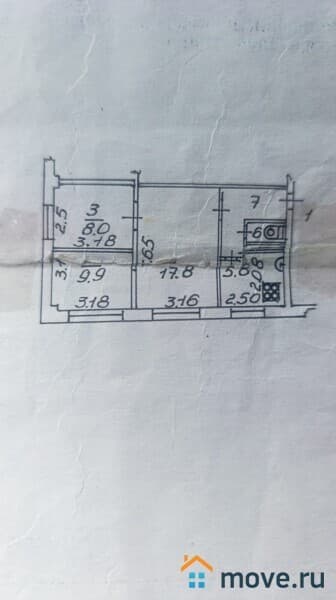 3-комн. квартира, 49.3 м²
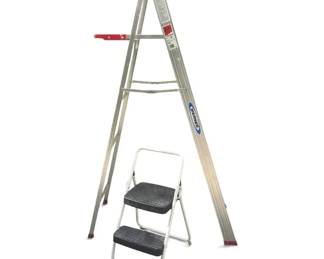 Werner 6 ft Aluminum Step Ladder Folding 2Step Stool Lot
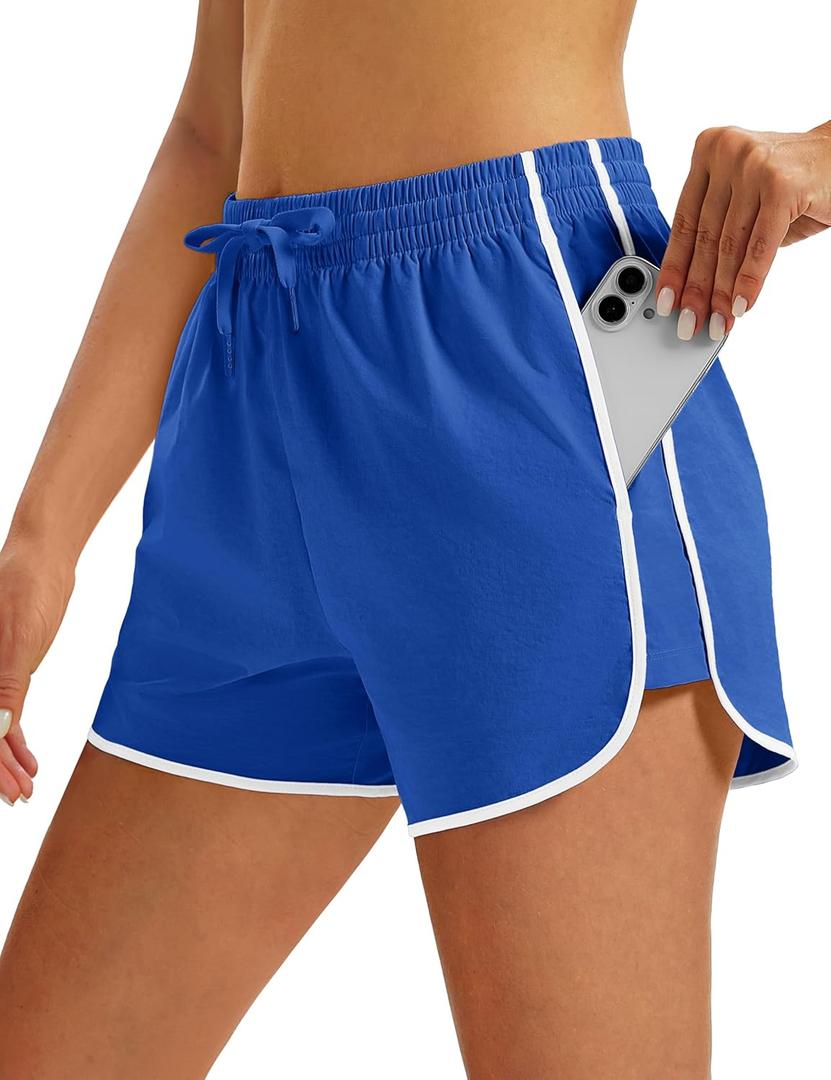 MAGOCOMSEN Women's Running Athletic Shorts with Pockets 3.5" Quick Dry Lightweight Workout Gym Shorts Sport Casual (Blue, M)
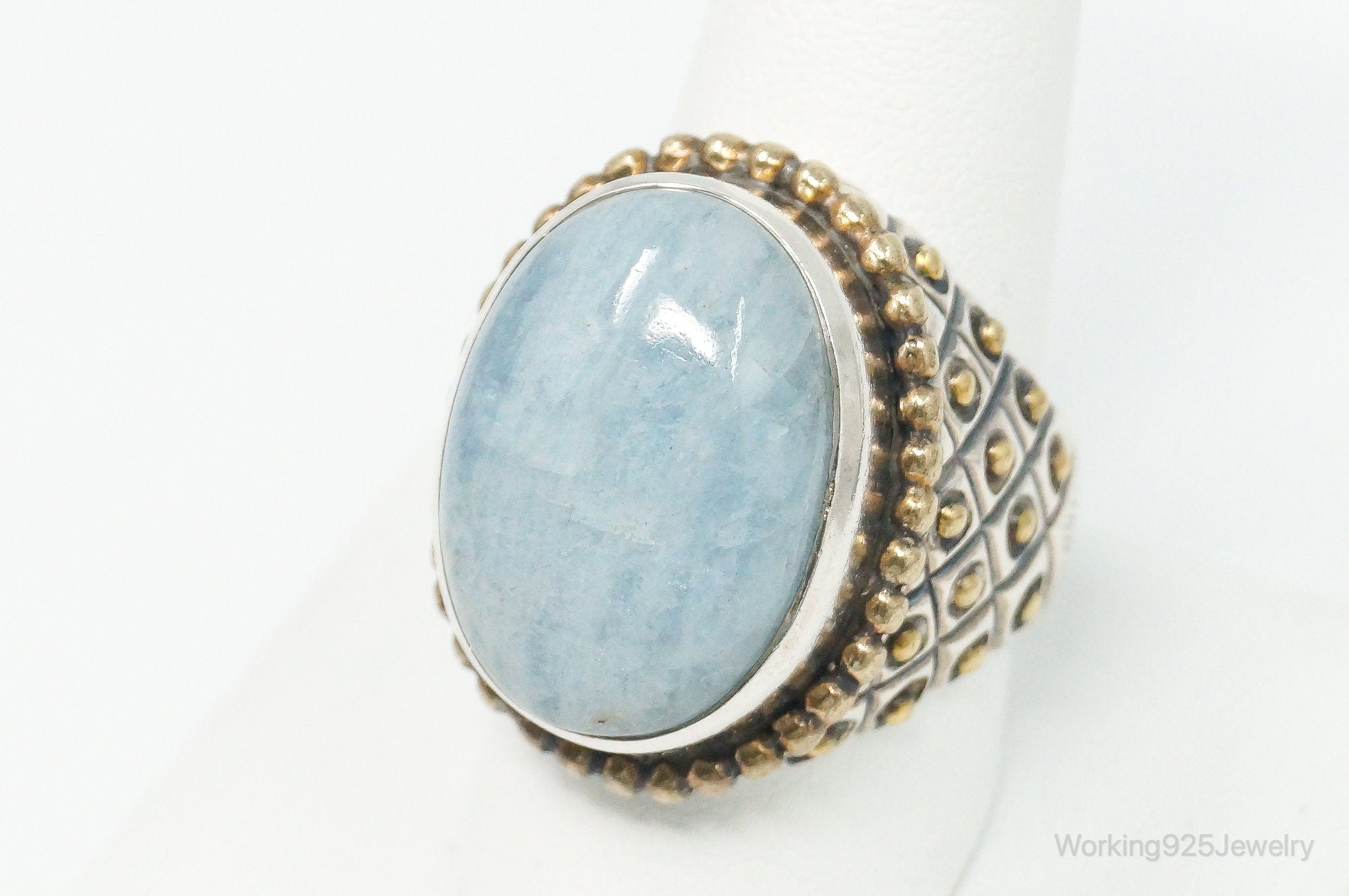 Vintage Large Blue Beryl Sterling Silver Brass Ring - Size 10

→ Exercise aim: The data above should be repeated exactly, minus any pictures.

→ Your response:
 3-комн. квартира, 49.3 м²
 Werner 6 ft Aluminum Step Ladder Folding 2Step Stool Lot
 MAGOCOMSEN Women's Running Athletic Shorts with Pockets 3.5" Quick Dry Lightweight Workout Gym Shorts Sport Casual (Blue, M)
 Vintage Large Blue Beryl Sterling Silver Brass Ring - Size 10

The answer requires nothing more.